* WHAT IS NEEDED
An exact transcription of each entry below is required, without any pictures.

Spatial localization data
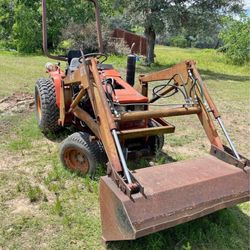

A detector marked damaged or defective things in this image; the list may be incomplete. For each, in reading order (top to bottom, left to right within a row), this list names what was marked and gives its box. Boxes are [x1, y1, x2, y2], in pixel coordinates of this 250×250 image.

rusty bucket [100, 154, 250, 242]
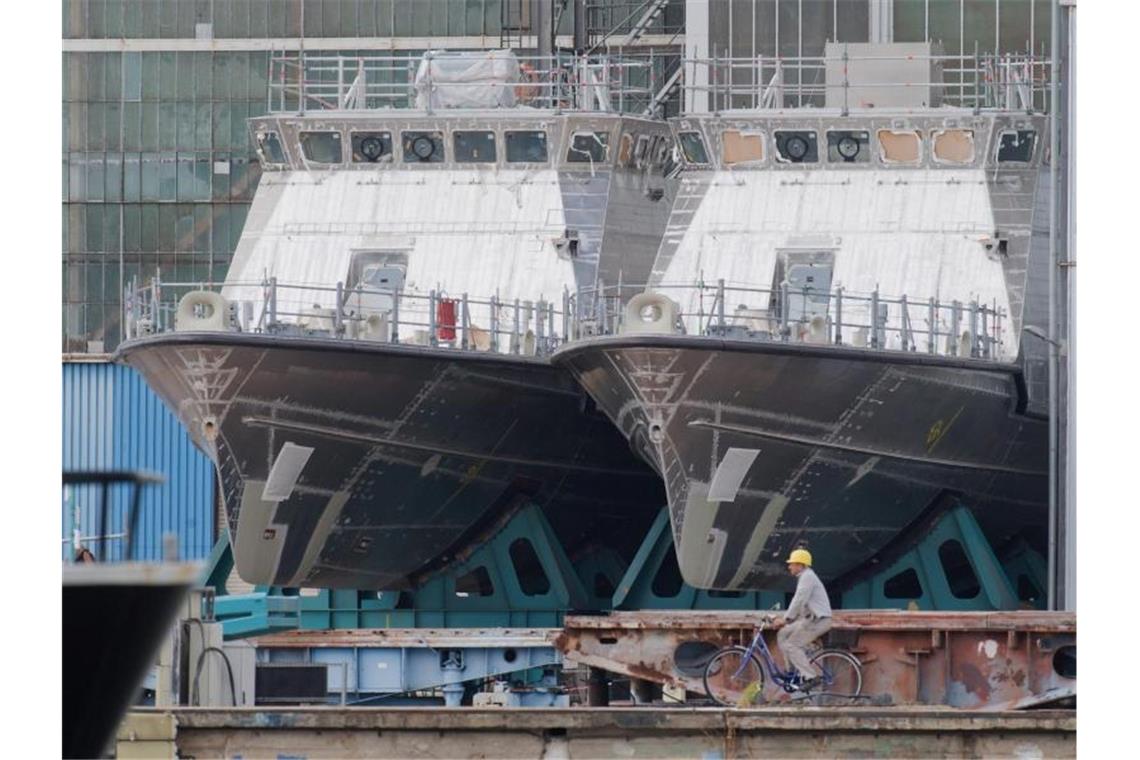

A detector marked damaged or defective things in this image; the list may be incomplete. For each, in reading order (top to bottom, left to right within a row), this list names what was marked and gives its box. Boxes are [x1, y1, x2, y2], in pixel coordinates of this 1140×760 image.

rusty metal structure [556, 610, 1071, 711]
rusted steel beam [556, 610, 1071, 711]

* SOLUTION
A detector marked damaged or defective things in this image; the list may be incomplete. For each, in reading order (top to bottom, left to right within a row), this list names what was marked and gives its box. Boxes are [x1, y1, x2, y2], in pixel coordinates of this 250×250 image.

rusty bucket [100, 154, 250, 242]

A detector marked damaged or defective things in this image; the list may be incomplete. For each, in reading order (top to bottom, left to right within a row), this list names what was marked and gives its box. Boxes are [x1, y1, x2, y2], in pixel coordinates of this 1140×760 image.

rusty metal structure [556, 610, 1071, 711]
rusted steel beam [556, 610, 1071, 711]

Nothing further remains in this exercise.